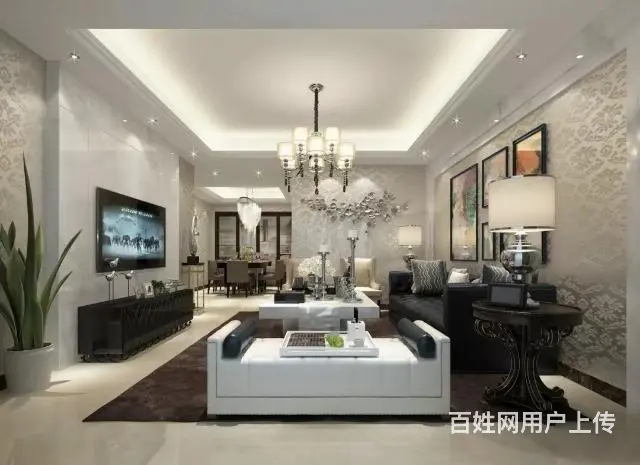 乌鲁木齐品质装修怎么选 - 图片 2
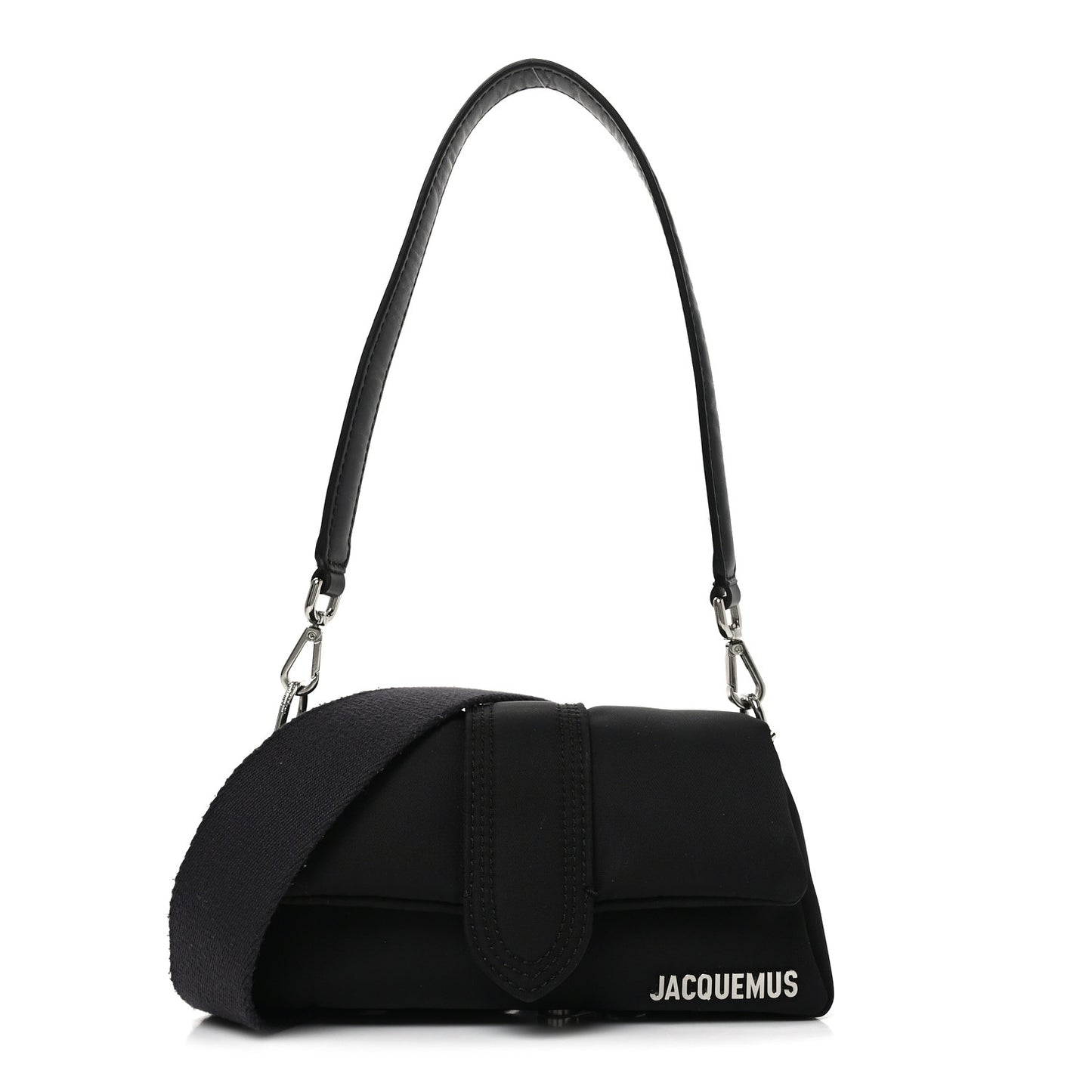 Nylon Le Petit Bambimou Black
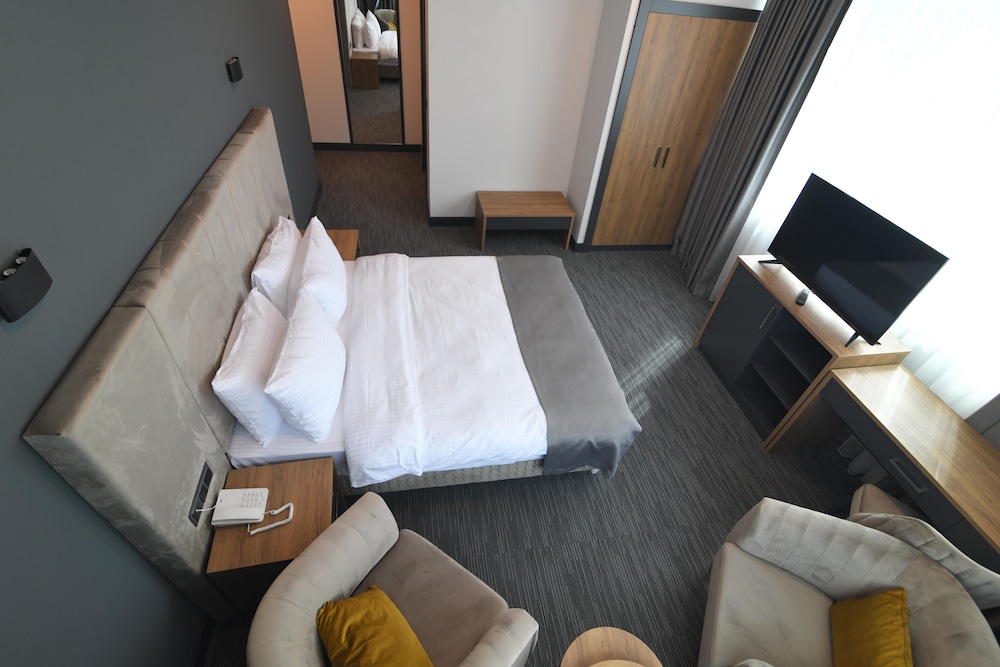 Standard Room photo 1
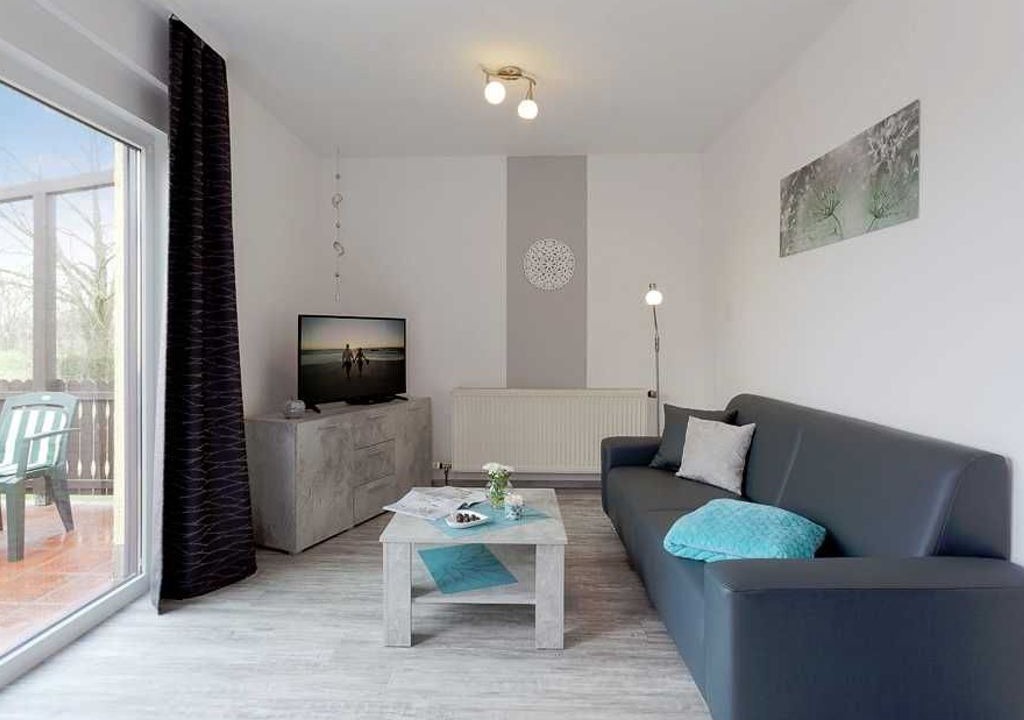 Photo of Livingroom in Trassenheide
# # # #
WHAT YOU NEED TO DO: In the data above, find the line containing "Nylon Le Petit Bambimou Black", then output it and every later line exactly, without the pictures.

OUTPUT FOR THIS TASK:
 Nylon Le Petit Bambimou Black
 Standard Room photo 1
 Photo of Livingroom in Trassenheide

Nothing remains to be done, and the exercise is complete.